The Canadian firm reported revenues of $211m (£115m) for the last three months of 2003 - up from $87.5m year-on-year - with net profits up 150% to $41.5m.
The Blackberry became a technology icon in the late 1990s as a tool that delivered e-mail automatically to executives on the move.
But it now faces tough competition from a profusion of rival wireless devices.
RIM is now planning to license its technology for use on other companies' equipment as well as selling its own devices.
Despite the competition, RIM's subscriber base is growing fast.
The firm said it gained 204,000 new users during the quarter, taking the worldwide total to more than 1 million.
Its share price - $105 - is so high that it is splitting its shares, giving two new shares for each old one so as to increase liquidity.
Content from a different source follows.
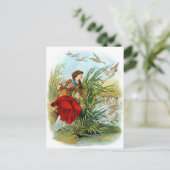 dame met zwanen briefkaart (Staand voorkant)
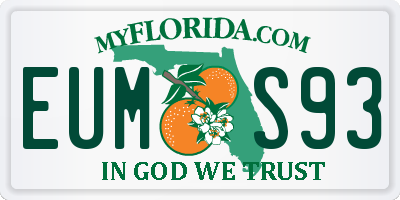 FL license plate EUMS93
But some investors are concerned the price has shot up too fast, particularly given concerns about the mobile phone market reflected in disappointing figures for Nokia earlier this week.
One measure of whether a share price accurately reflects the company's worth is the price-to-earnings ratio.
This divides the share price by the profit per share, with fairly priced non-technology stocks usually hovering somewhere between 10 and 20.
In RIM's case, this comes to more than 200 - high even by late-1990s tech stock standards.
RIM argues that the figures are justified since its market still counts as an emerging one - similar to the mobile market 10 years ago.